Living with COVID: Antiviral Drugs Make Treating COVID More Convenient
Tim Sheahan, PhD, led the breakthrough study showing molnupiravir’s effectiveness as a treatment for COVID-19.
Drug cocktails that lessen viral symptoms are the next step in research for effective COVID treatments.
The COVID-19 pandemic has been a prime, real-time example of public health practice in action. Gillings faculty and students continue to play central roles in informing ongoing response efforts; in working on vaccines and treatments to prevent serious infections and stave off future pandemics; and in talking about lessons learned from SARS-CoV-2, whether that’s how to talk about personal health decisions or how to better protect vulnerable communities.
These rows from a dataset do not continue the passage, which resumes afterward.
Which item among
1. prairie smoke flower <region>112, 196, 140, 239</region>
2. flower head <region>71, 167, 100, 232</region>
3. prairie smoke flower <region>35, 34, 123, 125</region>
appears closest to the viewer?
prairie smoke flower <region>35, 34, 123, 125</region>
Thanks to his prior decades of coronavirus research, the lab of Ralph Baric, PhD, William R. Kenan, Jr. Distinguished Professor of epidemiology, has been one of the most industrious and important sites of scientific inquiry during the COVID-19 pandemic. Making key discoveries that have fueled the development and distribution of vaccines and treatments, researchers in the Baric Lab have been at the forefront of the COVID-19 response.
Molnupiravir, a twice-daily pill that stops the virus from multiplying, is one of two authorized drugs available that provides COVID-19 patients with the option to treat the virus at home instead of getting an infusion in the hospital. Tim Sheahan, PhD, led the breakthrough experiments in the Baric Lab that first showed molnupiravir’s effectiveness against coronaviruses in 2020.
“Before the pandemic, we were working on a few antiviral drugs as potential therapies for different types of coronaviruses that were genetically unrelated,” Sheahan says, “and when we found out there was a new virus in China that was a coronavirus, we added SARS-CoV-2 to our paper.”
"Translating research into practice is usually not very common for people like me. ...With the pandemic, almost everything we do is research intended to improve human health or translate into some kind of therapy, vaccine or antibody."
— Tim Sheahan, PhD, assistant professor
That paper led to a phase 2 clinical trial at UNC. Because Sheahan and his colleagues had done the preclinical work on molnupiravir, they were able to do the virology for UNC’s clinical trial to see whether the drug would work in humans. It did: The trial, and subsequent phase 2 and 3 trials at UNC and elsewhere, found that molnupiravir more rapidly reduced infectious virus in the airway, hospitalizations and deaths significantly in people who had been recently infected with SARS-CoV-2.
“Doing the preclinical research on drugs that ultimately get used in people is gratifying,” says Sheahan, who usually works with cell cultures and small animals instead of human subjects, “but participating in a clinical trial and showing that a treatment is working was a pleasant surprise.”
Sheahan, who originally planned to study water resources and water biology, declared microbiology as his second major after taking a course in it at the University of New Hampshire. After graduating, he worked in a gene therapy lab in Boston that was trying to use viruses to cure genetic disease — finding “a microscopic world where there’s a lot going on that you can’t see” — sparking an interest in virology and a move to Chapel Hill, where he began studying under Baric in 2003.
Continuing his work in antiviral drug development, Sheahan is now focused on oral therapies that have less chance of adverse interactions with other medicines, as well as cocktail-based approaches that would attack the virus in multiple places, reducing its ability to form a drug resistance.
“Translating research into practice is usually not very common for people like me — I’m a virologist who works in a lab, and normally we’re working on answering basic science questions,” Sheahan says. “With the pandemic, almost everything we do is research intended to improve human health or translate into some kind of therapy, vaccine or antibody.”